21.01.2025 | Process Innovation

Kohlenstoff-Abscheidung

Die Aufgabe der chemischen Industrie, Rohstoffe in Chemikalien für Industrie- und Verbraucherprodukte umzuwandeln, ist für eine starke Weltwirtschaft unerlässlich, sagt Diana Garcia. Sie muss jedoch mit den Netto-Null-Zielen in Einklang gebracht werden.

Die Internationale Energieagentur stuft den Chemiesektor derzeit als nicht auf dem richtigen Weg ein, um seine CO2-Emissionsreduktionsziele zu erreichen. Die direkten CO2-Emissionen aus der chemischen Primärproduktion blieben 2022 relativ konstant (rund 935 Mio. t), was vor allem auf eine Stagnation der Produktion zurückzuführen ist. Die Emissionen der Industrie müssen jedoch in den nächsten Jahren ihren Höchststand erreichen und dann bis 2030 sinken - und zwar um 18 % gegenüber 2022, obwohl die Produktion steigt.

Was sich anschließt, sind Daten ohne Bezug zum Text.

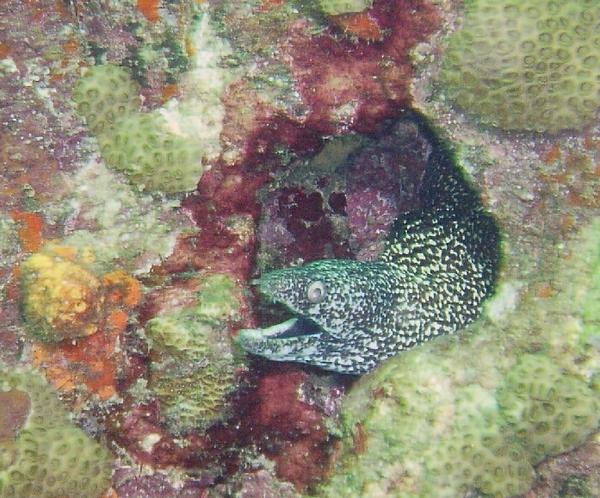 Moray - Spotted Moray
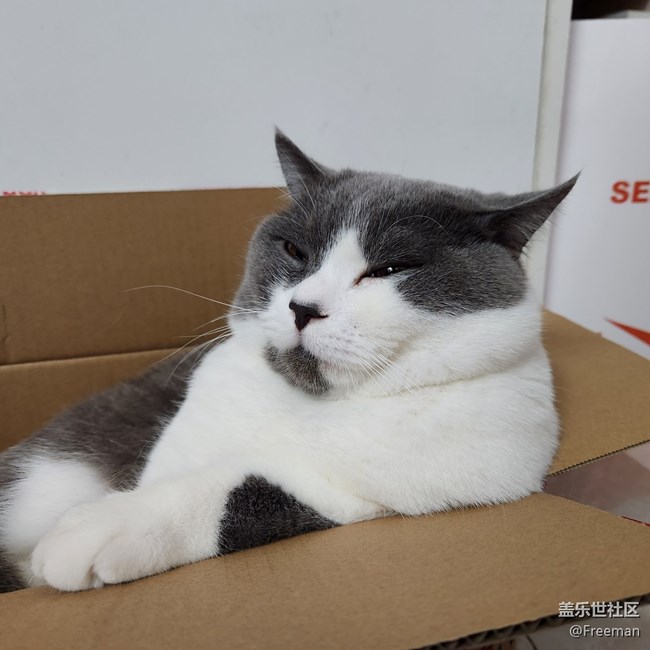 【我的毛孩子】奇奇怪怪的修貓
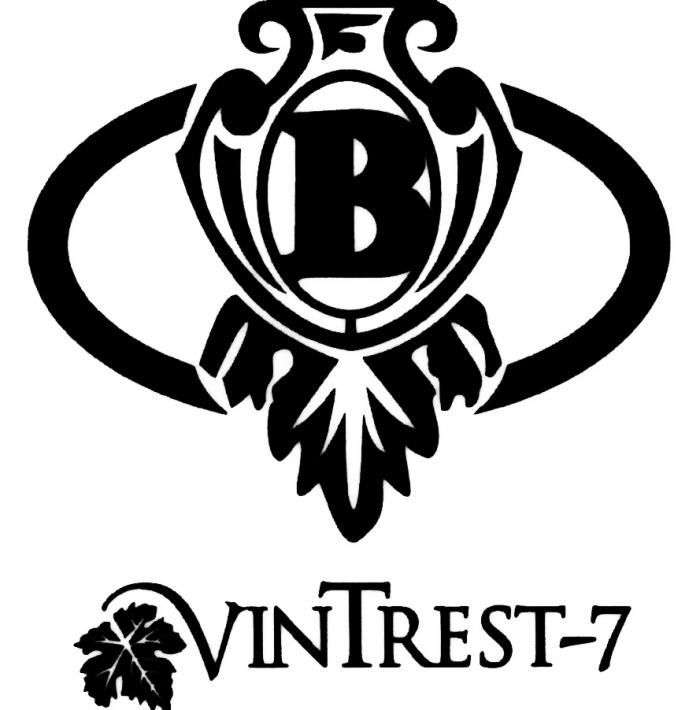 VINTREST TREST VIN TREST VINTREST-7VINTREST-7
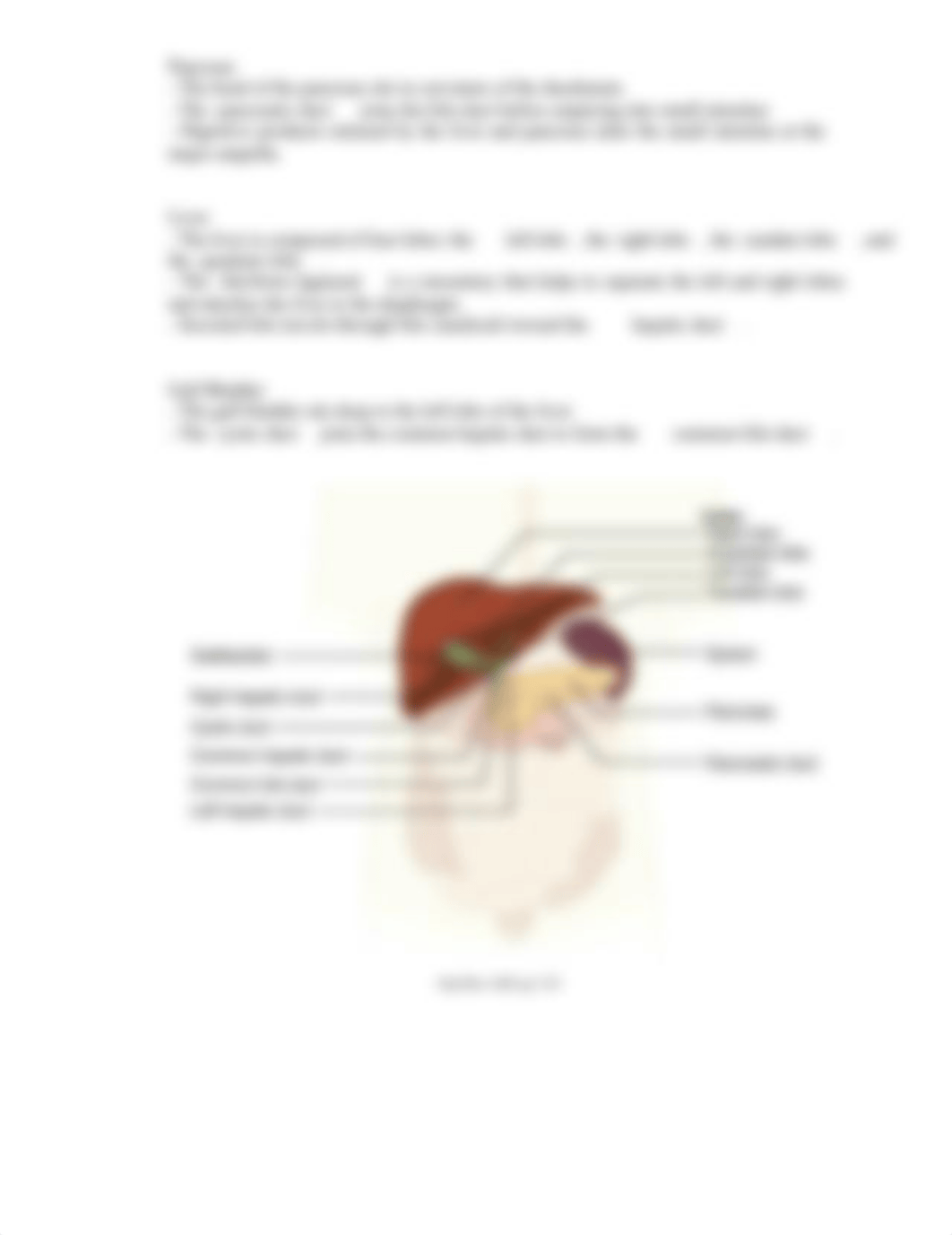 AP2_Lab11_Anatomy_of_Digestion (1).pdf_d6hpzkg43sl_page4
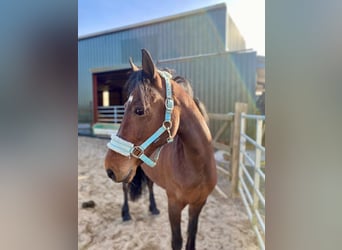 Connemara, Mare, 12 years, 13.2 hh, Brown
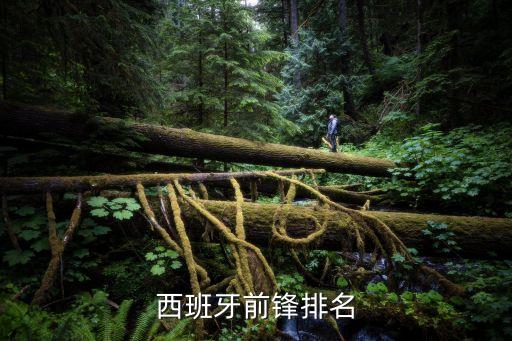 足球俱樂(lè)部射手排行榜,2022足球俱樂(lè)部實(shí)力排行榜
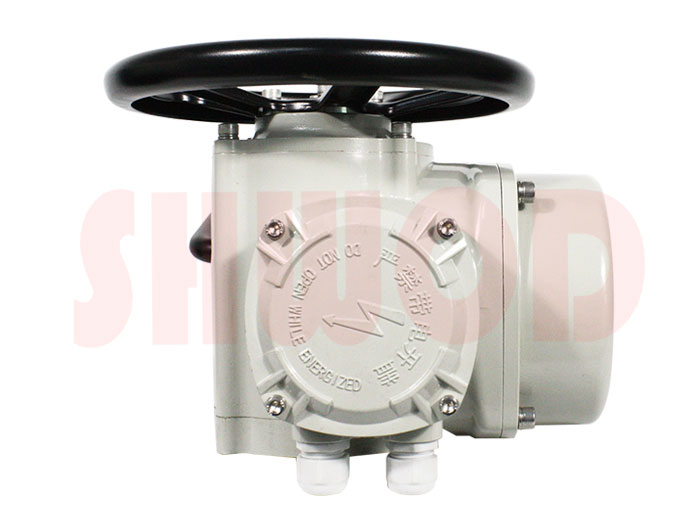 草莓视频下载APP執行器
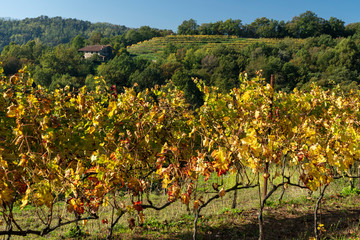 Fototapeta premium Vineyards in the park of Montevecchia and Curone, Italy, at fall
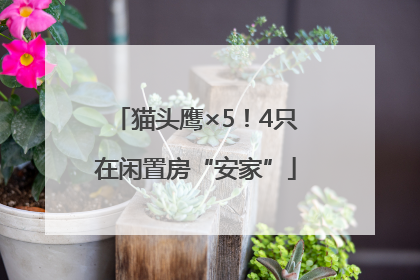 猫头鹰×5！4只在闲置房“安家”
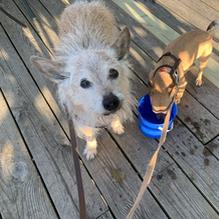 Miller's Landing Lakeside restaurant view 1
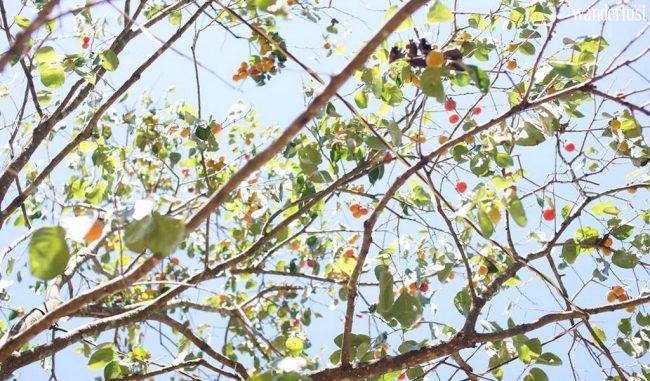 Thu Đà Lạt với những vườn hồng chín mọng 17 l 12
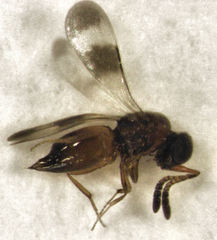 Ceraphronidae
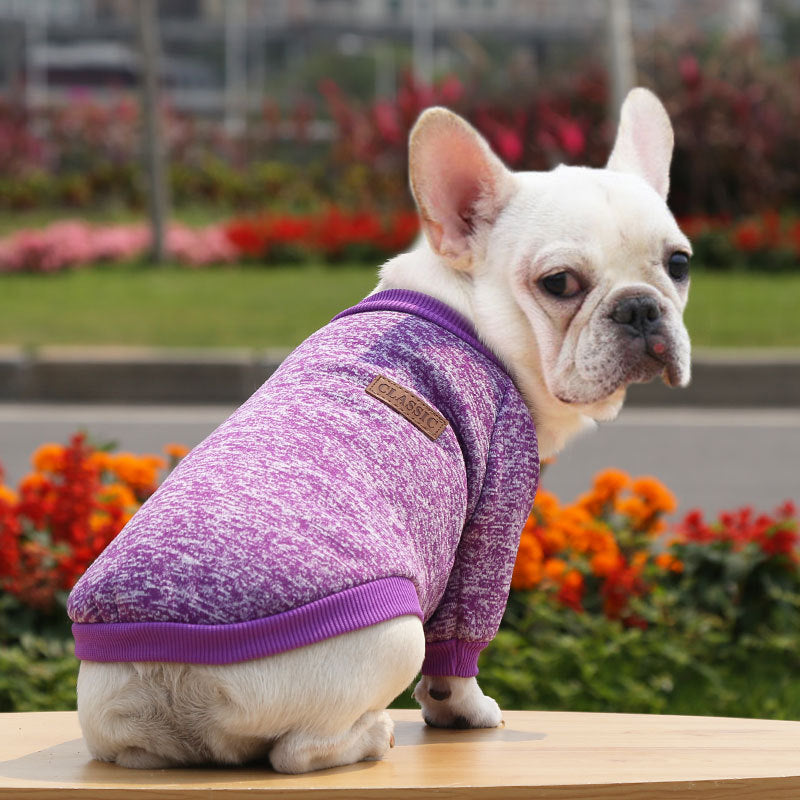 Maglioncino per Cani in Tinta Unita – Modello "Classic" - Dog Moda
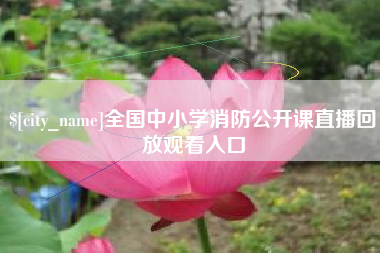 伊川全国中小学消防公开课直播回放观看入口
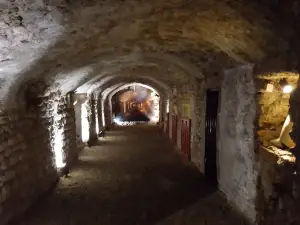 Roman Granary Museum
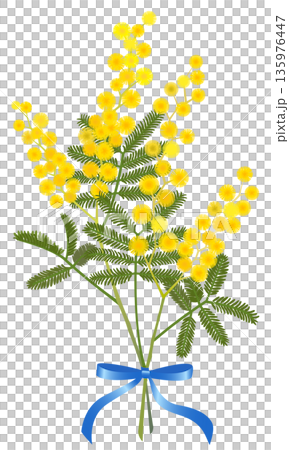 Mimosa bouquet (light blue ribbon) Mimosa bouquet (light blue ribbon) 135976447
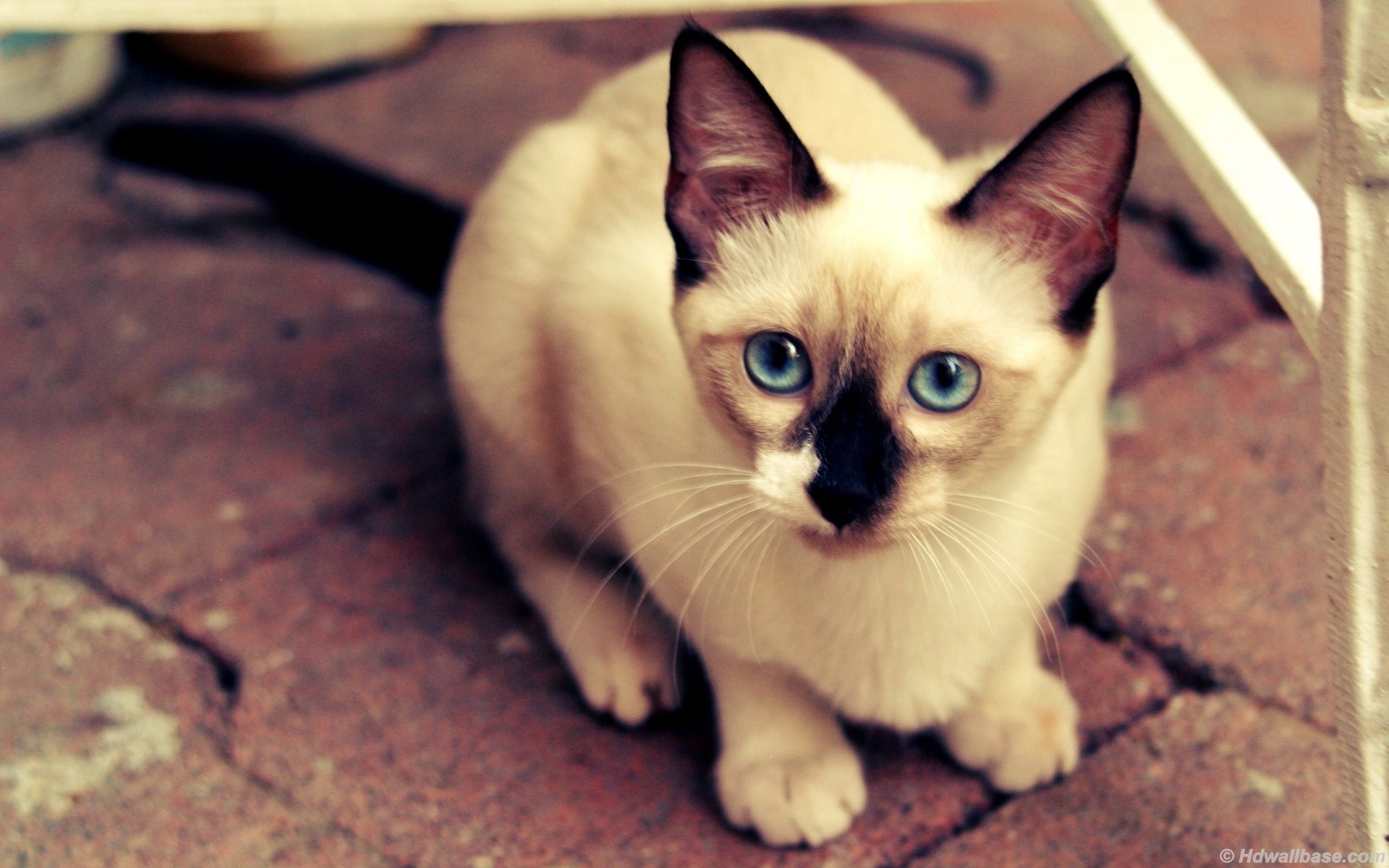 高清晰蓝眼睛的暹罗猫宠物壁纸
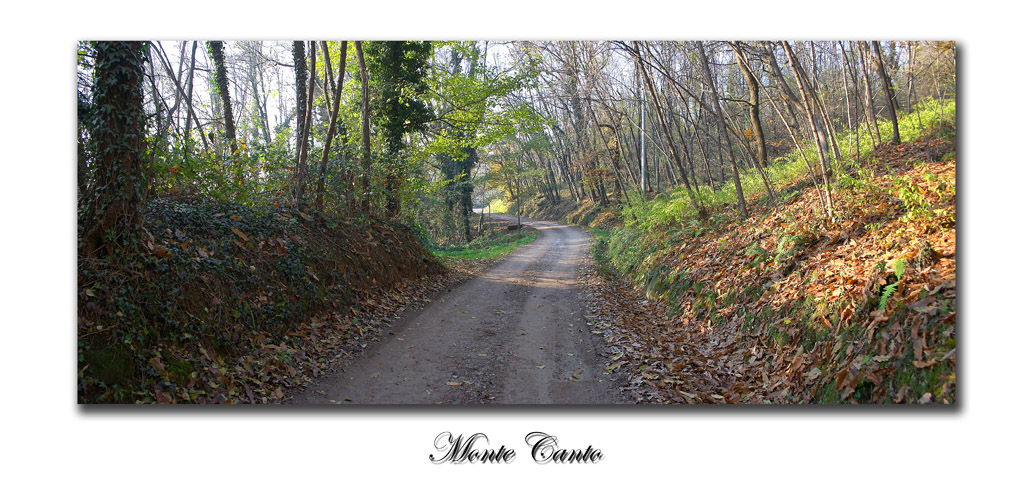Monte canto 1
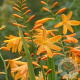 Crocosmia 'George Davidson' GM P9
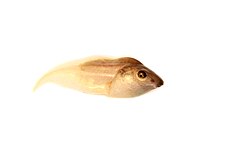 Phlyctimantis leonardi tadpole.jpg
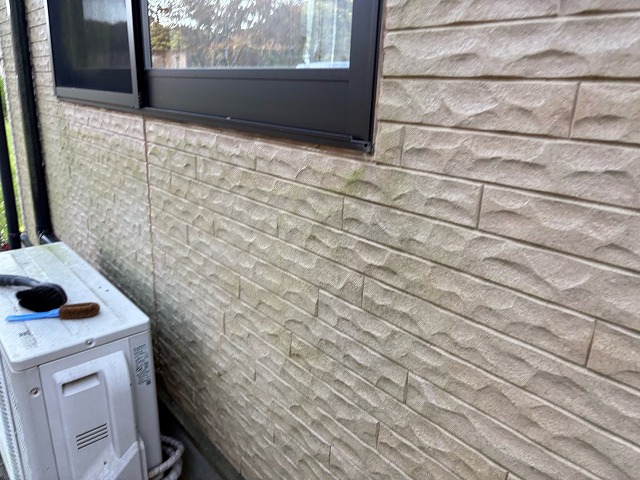 外壁に苔が生えている別角度の写真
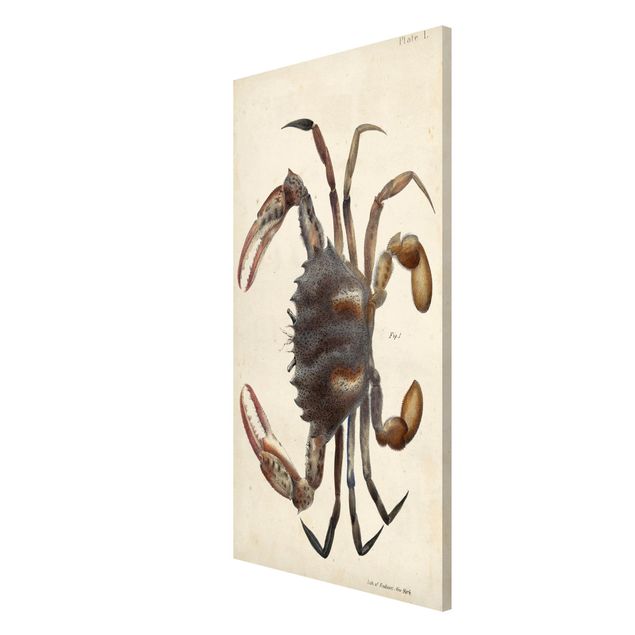 Magnetic memo board - Vintage Illustration Crab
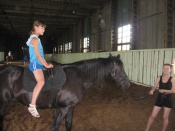 �� ���������� ��������� �������� ���������� �����������  ��������������� �������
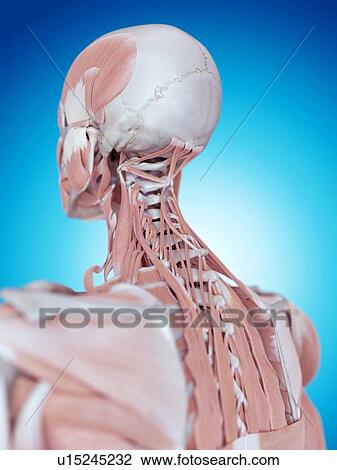 Human neck and back anatomy View Large Photo Image Stock Image - Human neck and back anatomy. Fotosearch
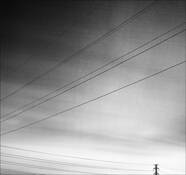 Night_lines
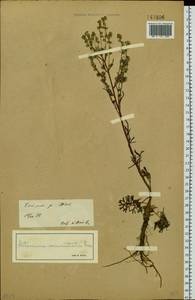 Artemisia pubescens Ledeb., Siberia, Baikal & Transbaikal region (S4) (Russia)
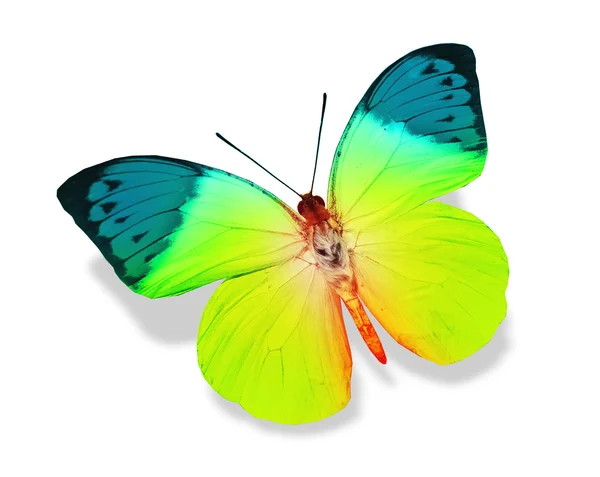 Красочная тропическая бабочка — стоковое фото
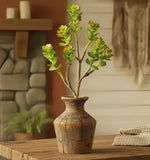 #2231FL  11In Mini Echeveria Plant-Green/Burgundy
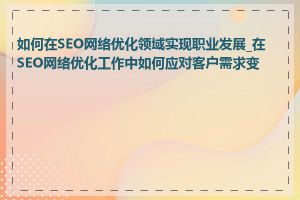 如何在SEO网络优化领域实现职业发展_在SEO网络优化工作中如何应对客户需求变化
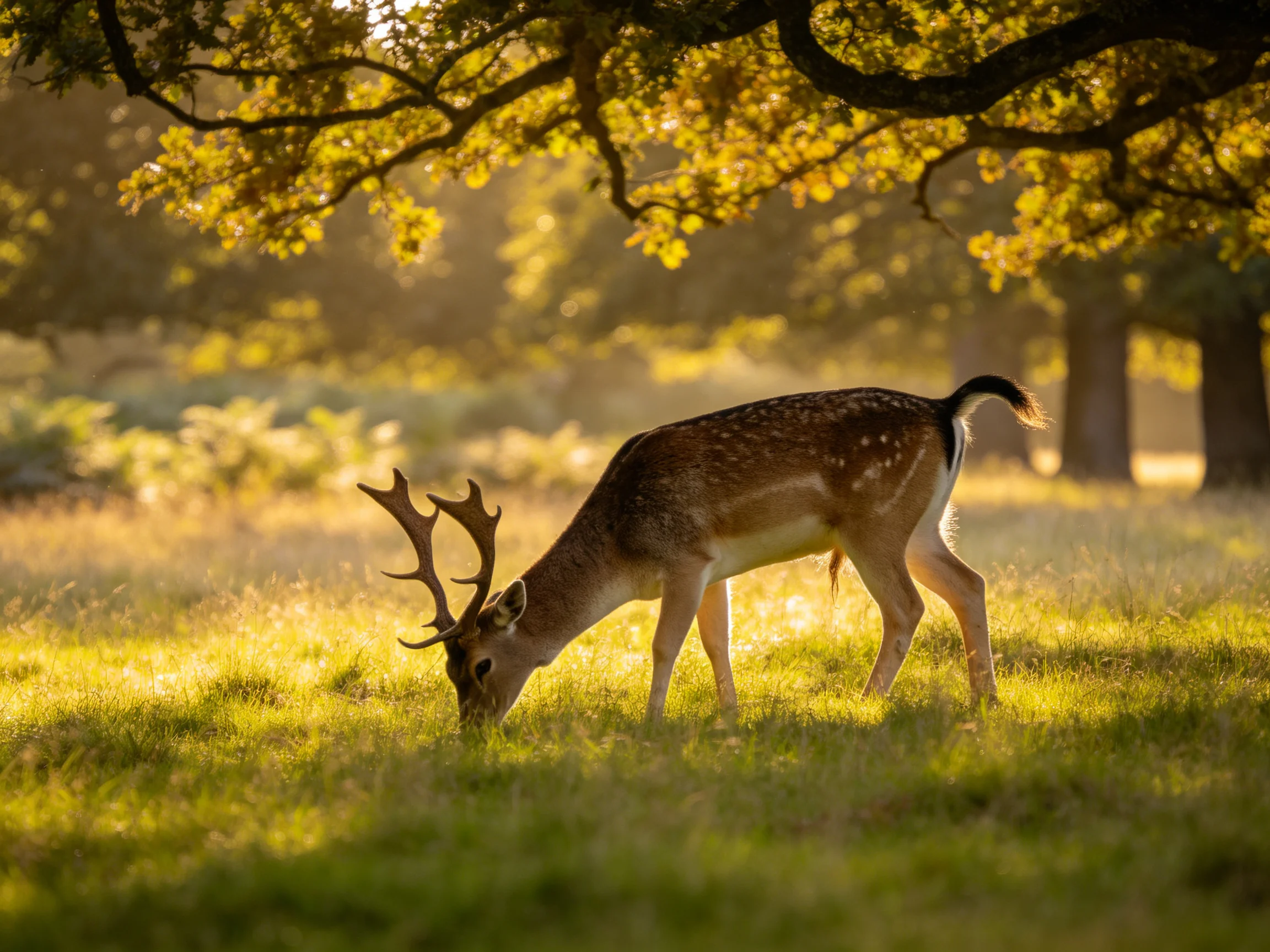 A spotted deer feeds on grass in a sunlit forest clearing.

Die chemische Industrie ist der größte industrielle Energieverbraucher und der drittgrößte industrielle Teilsektor bei den direkten CO2-Emissionen. Das liegt vor allem daran, dass der größte Teil des Energieoutputs der Branche in Form von fossilen Brennstoffen wie Kohle, Öl und Gas verbraucht wird. Aus diesem Grund schlägt die IEA vor, dass der wichtigste Weg zur Dekarbonisierung über die Kohlenstoffabscheidung, -nutzung und -speicherung (CCUS) führt. Dies geht einher mit der Verwendung von Elektrolytwasserstoff.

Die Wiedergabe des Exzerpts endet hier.